There’s a reason why many of the very best picture books of all time (Rosie’s Walk, Elmer The Elephant, Goodnight Gorilla, This Is Not My Hat, Handa’s Big Surprise, and many more) have been written and illustrated by the same person.  By thinking of the pictures and words together, those author-illustrators have honed the two to work together in powerful ways.  It’s no surprise that most of those books have very short texts.  Creators who illustrate as well as write, trust the illustrations to show most of the story, and they then use the text to tease the reader into reacting to the pictures, or they use the text to bring the pictures to life with dialogue.  They know that children ‘read’ pictures, even when they can’t all ‘read’ texts yet. 
Publishers usually have both editors and designers, but, traditionally, it’s the editor who is the first gate keeper for a publisher, deciding which texts to let in to further discussions which might then include designers.  A recent publishing experience has made me wonder whether publishers should always work along that set path towards a book.
I had a picture book story idea about a rabbit who wants some space for himself, away from the noise and activity of the other rabbits around him.  So Jack, the rabbit, runs to an empty space, where he draws a red line to define ‘his’ space in which he can read his book in peace.  Of course he then finds that being alone in a space can become lonely, and he wants to re-join his friends, but is now stuck because he’s made the rule about nobody crossing the line.  You can read the book if you want to find out how that problem gets resolved!  But my point here is that I felt that story was one which could be mostly shown in pictures, and then need very little text.  In fact, I thought it would be better with very little text.  So I wrote the text, adding notes about what the pictures needed to show.  Here’s an early version on which my artistic sister had made comments and sketches.

And I drew amateur sketches too, just to help me work out quite how the book might work.

I sent my text with its illustration and design ideas to a couple of big publishers who had published me in the past.  They didn’t want it.  I don’t know if the preponderance of illustration notes put them off.  I hope not, and I suspect they just didn’t feel that story was for them.  But then I read about a new children’s book publisher that was emerging from an existing publisher of beautiful adult comic books.  That was Flying Eye, just starting up within Nobrow.  So I sent my story to Sam Arthur of Flying Eye.  He, and his partner in the business, are both from a design background.  Suddenly it was the design idea (coming from an author!) that was of real interest.  This felt so different from the way I'd worked with other publishers! 

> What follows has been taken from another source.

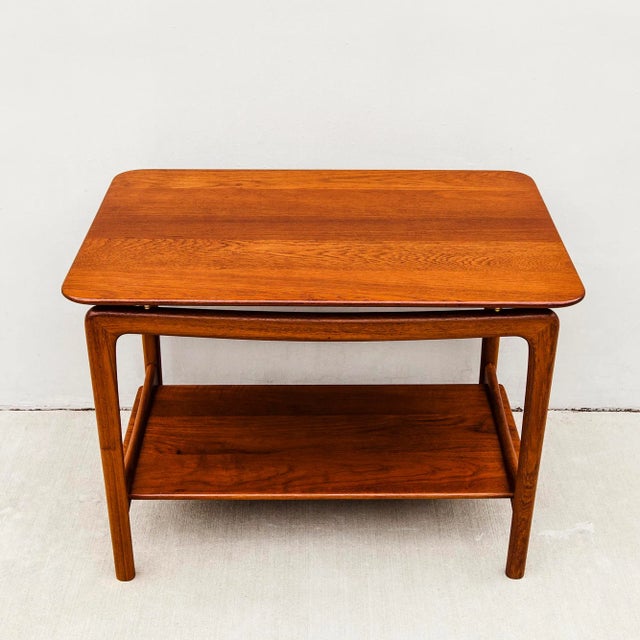 Vintage solid teak two tier side table with beveled edge, designed by Peter Hvidt & Orla Mølgaard-Nielsen and made in...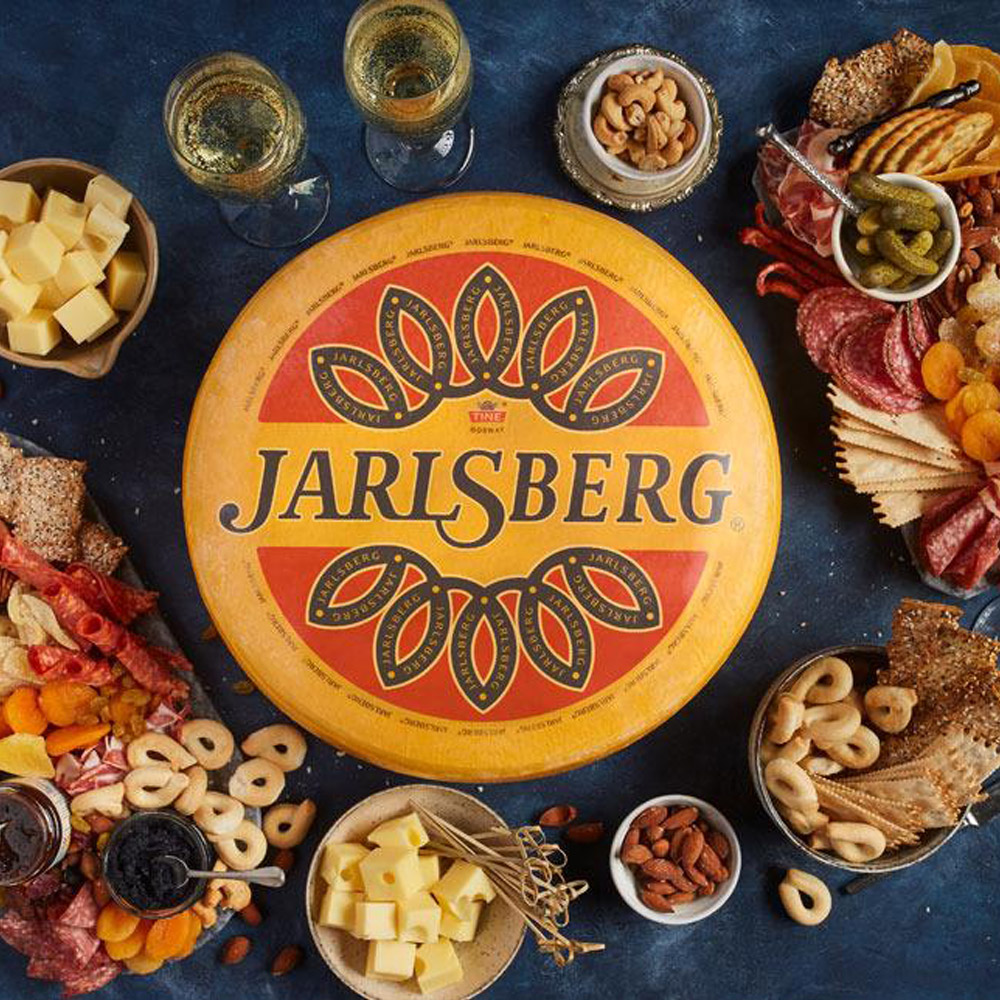 A wheel of Jarlsberg Swiss cheese on a cheese board surrounded by snacks and wine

Rebecca Crane illustrated My Very Own Space very beautifully, and Flying Eye have published it equally beautifully, with felty thick paper within a hardback cover with gloss highlights and a fabric trimmed spine.  All of Flying Eye’s picture books are beautifully conceived and produced, and they are winning major prizes (perhaps most notably Shackleton's Journey by William Grill winning the Kate Greenaway Medal).  So I wonder if other publishers should include designers alongside editors as first filters on story proposals that come in? 

Boast alert!  Last week My Very Own Space was the Observer’s Book of the Week - hooray!  

So, yes, do dare to add notes about potential illustrations or design … but do it wisely, explaining story content and presentation rather than stepping onto the illustrator’s toes by detailing visual things that have no direct relevance to the story.